Understanding storage in Kubernetes
How to make external storage resources available to pods using volumes. Understand dynamic storage resource provisioning through StorageClass, PersistentVolume and PersistentVolumeClaim resources.
Table of contents
Overview
The filesystem inside containers is ephemeral. Anything stored inside a container during runtime will disapear after the container restart. To get rid of that and make Kubernetes Pod's containers data persist after restart, we can use Volumes.
When we look at Kubernetes pods resource specification, there is a field called volumes
, that can be used to declare a list of volumes belonging to a pod. Each container inside the pod can then mount one or many of the declared volumes using the containers.volumeMounts
field. Here is an example pod.spec
manifest for illustration :
(...)
spec:
containers:
- name: nginx
image: nginx
volumeMounts:
- name: websites
mountPath: /websites
volumes:
- name: websites
emptyDir: # A temporary directory that shares a pod's lifetime
medium: "" # Use the nodes default storage medium to back this dir
# Value can also be 'Memory' to use nodes RAM as backend
Volumes offer the possibility to make external storage resources available for use by our pods containers. There are different types of volumes supported by Kubernetes that we can use. In the above example we used emptyDir that is actually not a persitent storage type... it can be used to share temporary data between pods containers. For a complete list of volumes types we can use, have a look at volumes.
Also, for a list of available options we can use when mounting volumes inside pods containers, we can have a look at containers.volumeMounts.
It is also possible to make pods use an existing PersitentVolume (PV) resource by referencing the associated PersitentVolumeClaim (PVC) inside pod.spec.volumes
as follows :
(...)
spec:
containers:
- name: nginx
image: nginx
volumeMounts:
- name: websites
mountPath: /websites
volumes:
- name: websites
persistentVolumeClaim:
claimName: websites
readOnly: false
We will talk about PV and PVC in the nexts sections.

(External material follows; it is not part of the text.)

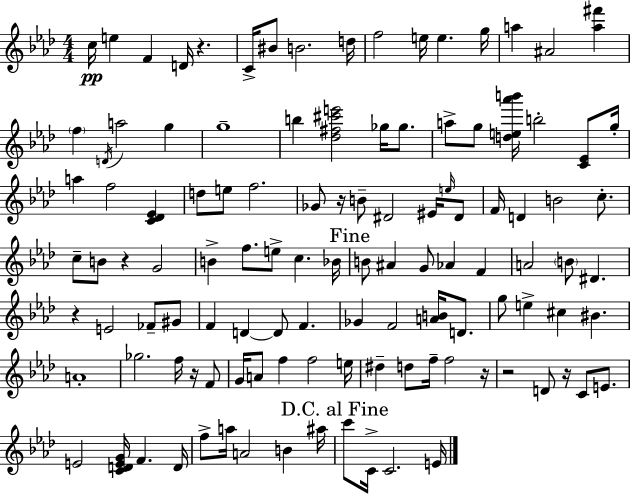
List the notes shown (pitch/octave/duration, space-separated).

Dynamic storage resource provisioning
Storage resources (represented by the PersistentVolume object) can be dynamically provionned thanks to StorageClass and PersitentVolumeClaim. Here is a diagram describing how that dynamic provisioning occurs. Next paragraphs will give you more explanations about all of this.
StorageClass
StorageClass resources are created by a Kubernetes cluster administrator and define the type of storage resources (for instance NFS, GCE persistent disks...) that can be automatically provisioned once requested by users.
The underlying storage resource is created by a volume provisioner whose name is specified inside the StorageClass. The provisioner actually makes a call to a volume plugin API to create the underlying storage resource.

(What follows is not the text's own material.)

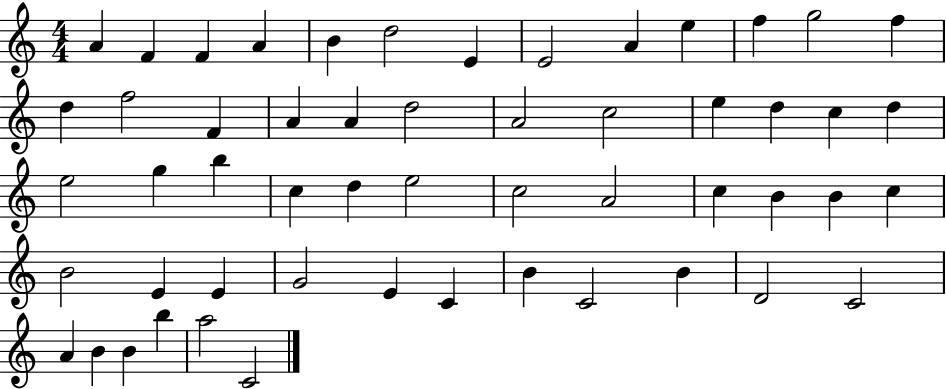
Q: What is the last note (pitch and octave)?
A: C4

Here is an example StorageClass resource manifest :
apiVersion: storage.k8s.io/v1
kind: StorageClass
metadata:
name: nfs
provisioner: example.com/nfs # External provisioner
parameters:
server: nfs-server.example.com
path: /share
readOnly: "false"
# Allow expansion of the volumes created from this StorageClass
allowVolumeExpansion: true
# Reclaim policy of the volumes created from this StorageClass
# Determines what happens to the volume when released
reclaimPolicy: Recycle # Cleanup the volume data and make it
# available for use by another claim
# Other possible values :
# - Delete : delete the volume (Default)
# - Retain : preserve the volume and its data. The volume
# won't be available for use by another claim
Provisioners that are natively supported by Kubernetes are internal provisioners and the others are external provisioners.
The Kubernetes volume provisioners page shows some of the Kubernetes volume provisioners and their associated volume plugins. The page also tells wheather the provisioners are internal and also contains links to StorageClass resource manifest example for some of them.
PersistentVolumeClaim (PVC)
A user request for provisioning storage resources from a specific StorageClass is achieved through a PersitentVolumeClaim (PVC) resource.
Here is an example PVC manifest :
apiVersion: v1
kind: PersistentVolumeClaim
metadata:
name: nfs
spec:
accessModes:
- ReadWriteMany
storageClassName: nfs
resources:
requests:
storage: 3Gi # requested volume size
If pvc.spec.storageClassName
is not specified or empty, the Kubernetes cluster default StorageClass is used.
Each volume provisioner available inside the cluster has a controller that periodically watches PersitentVolumeClaim resources.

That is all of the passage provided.